Cœur de verre par Morsula
Sorti en 1976, Coeur de verre est sûrement l'un des films les plus hermétiques du réalisateur allemand Werner Herzog mais aussi l'un des plus originaux.
Fin du dix-huitième siècle, un petit village sombre progressivement dans la folie. Mühlbeck, le contre-maître de la verrière du village est mort, et avec lui le secret du verre rubis, unique richesse du village. Les habitants font appel à Hias, le berger qui murmure des prophéties, pour tenter de redécouvrir le secret perdu. En vain, les tentatives de façonner le verre rouge échoueront. Le village court à sa perte...
Ce qui est fantastique avec Herzog c'est que dans ses films la limite entre la fiction et le documentaire est floue. Elle l'est d'autant plus que le cinéaste brouille volontairement les pistes en filmant ses films de fiction de façon très documentaire et ses documentaires de façon à leur donner un peu un aspect de fictions.
Coeur de verre s'ouvre donc sur une scène assez similaire à celle de Cobra Verde. Hias est filmé de dos, immobile, et en arrière plan des vaches dans un espèce de brouillard semi-matinal. L'immobilité et la lenteur, c'est ce qui pourrait caractériser ce film. L'action est lente, et c'est assez déroutant effectivement pour un public habitué à des films d'action où l'action se déroule très rapidement et où le cadre est posé en quelques instants.
Coeur de verre c'est aussi la sublimation d'une région, la Bavière, où Herzog a passé son enfance. On retrouve donc constamment des tableaux typiques chers au cinéaste : fleuves, forêts, maisons, tavernes, etc.
Le film a des scènes très stylisées, et c'est vraiment un procédé propre à Herzog. Certaines scènes sont stylisées au point d'en être totalement irréalistes, comme par exemple la bagarre dans la taverne qui ressemble plus à un rituel étrange entre deux animaux qu'à une dispute entre alcooliques.

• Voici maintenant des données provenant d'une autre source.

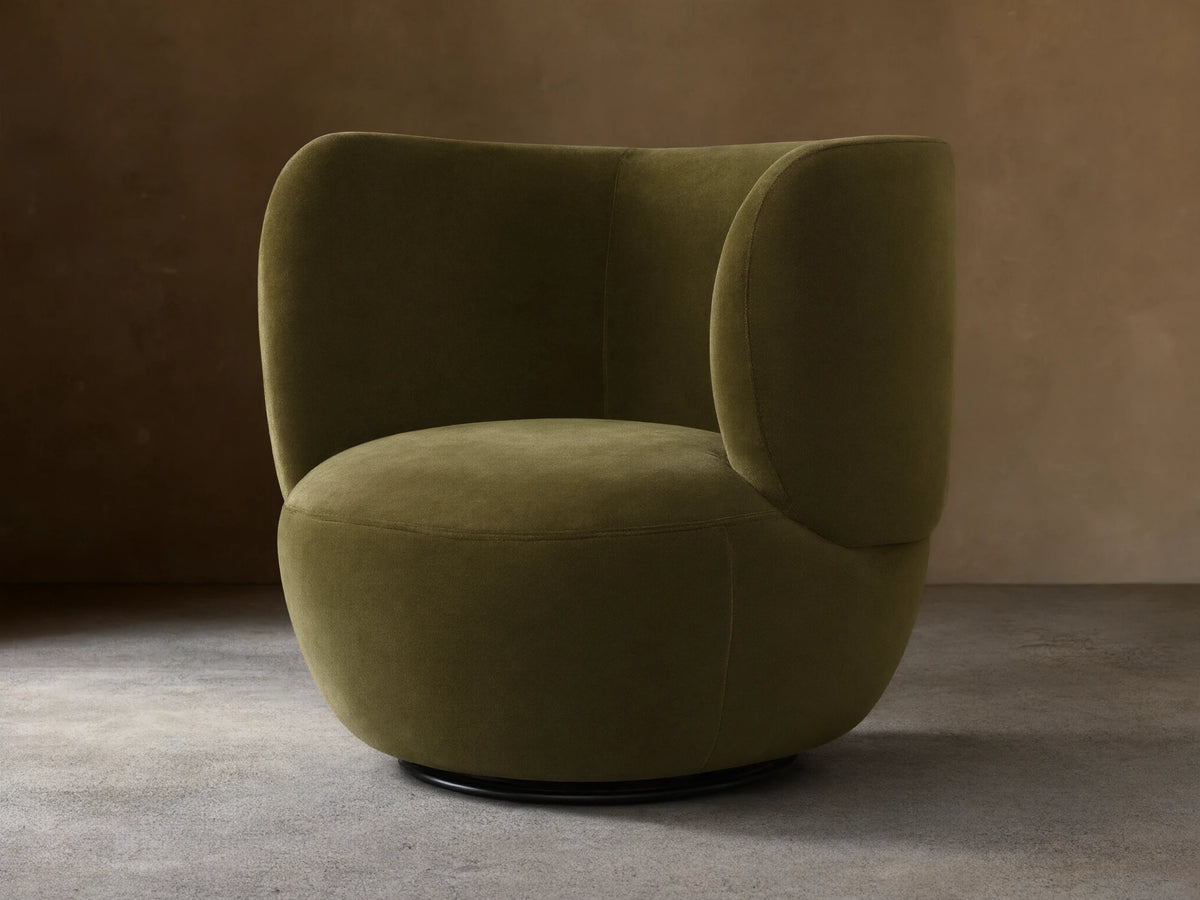 Olive green velvet upholstered chair featuring a deeply curved back and integrated armrests.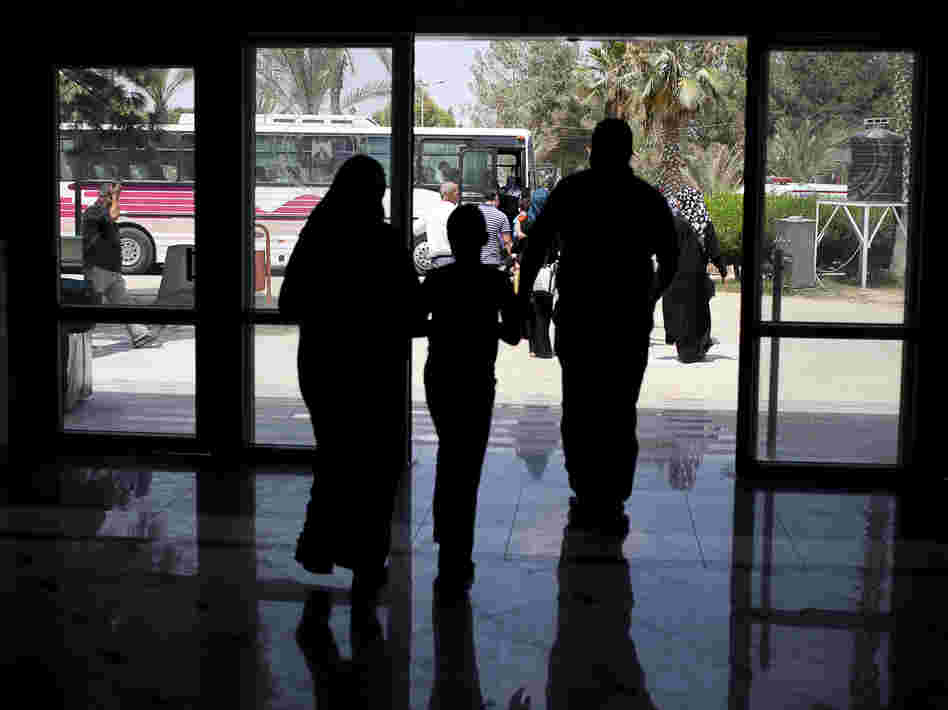 Days before Egypt shut down the Rafah border crossing, Palestinians were seen leaving the terminal to get on buses that would take them to Egypt.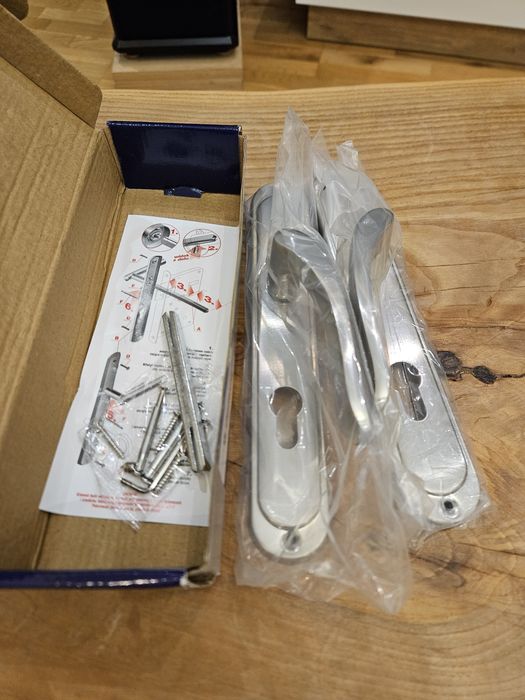 Klamka drzwiowa Domino Nowa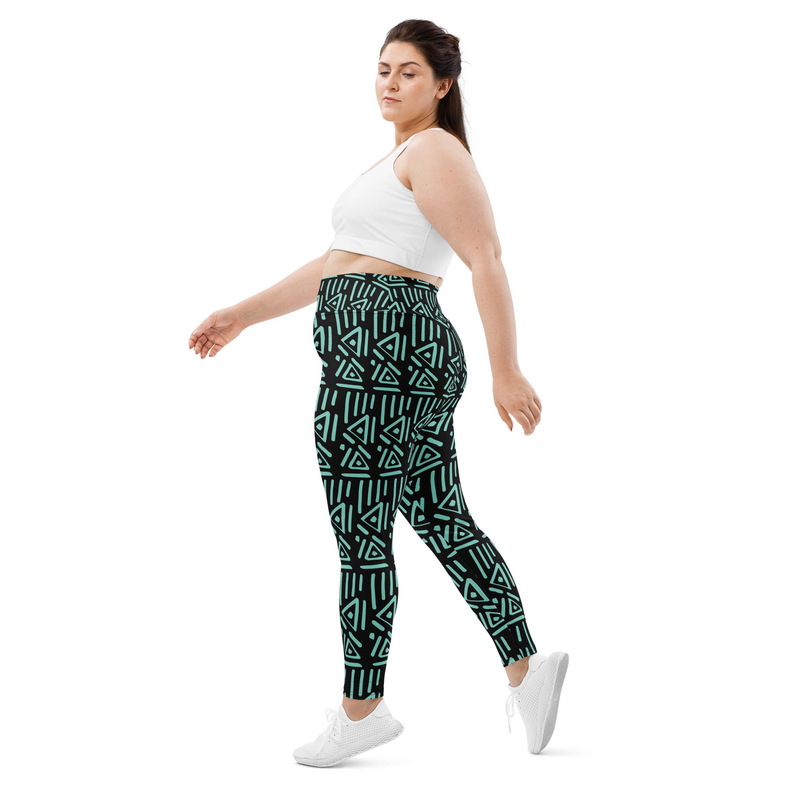 Green tribal print leggings with geometric pattern, side view, ankle length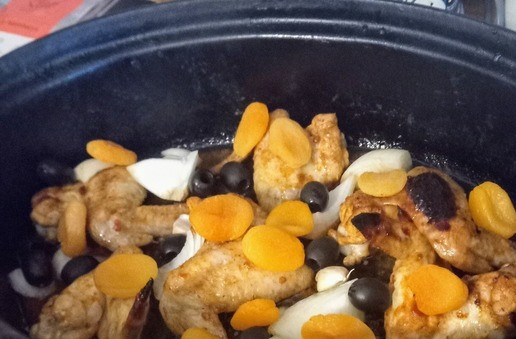 1. Этап. Курица, запеченная с хариссой и курагой: Вынуть из духовки. В ёмкость добавить луковые конусы, чеснок, абрикосы и оливки. Отправить в духовку ещё на 20 минут.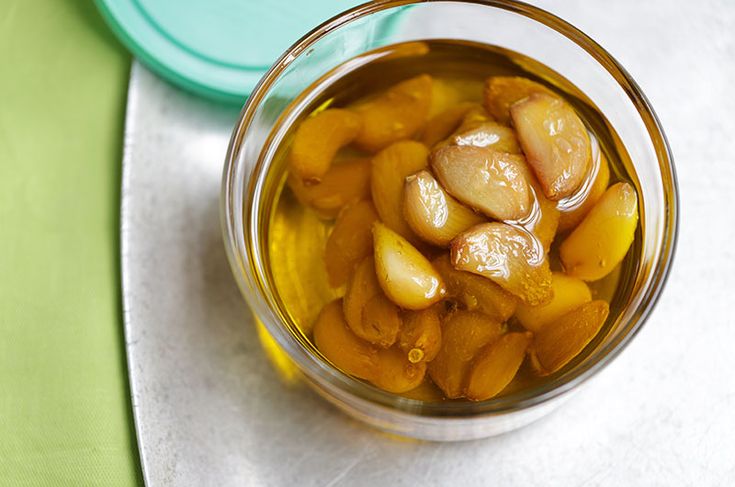 a glass jar filled with food sitting on top of a green and white table cloth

La lenteur notoire du film s'explique également par le fait que les acteurs jouant dans le film, à l'exception d'Hias le berger, qui garde toute sa lucidité en annonçant des prophéties qui finissent toujours par se réaliser, jouent sous hypnose. On assiste donc à une transe collective qui mène les villageois dans une folie incurable, qui les pousse à chercher un secret perdu à jamais.
La musique parlons-en. Composée par le groupe Popol Vuh, elle s'inspire de la musique du Moyen-Âge et accompagne parfaitement le spectateur dans cette transe hypnotique qu'est le film.
Coeur de verre est un film intéressant et fascinant mais la lenteur pourra rebuter ceux qui ne savent pas apprécier le cinéma de Herzog, qui se trouve aux antipodes des productions des blockbusters américains.
Je ne suis pas critique professionnel de films donc l'analyse cinématographique ne m'intéresse pas. Pour moi Coeur de verre est un film à regarder car il touche le spectateur d'une façon étrange, difficile à expliquer mais certaine.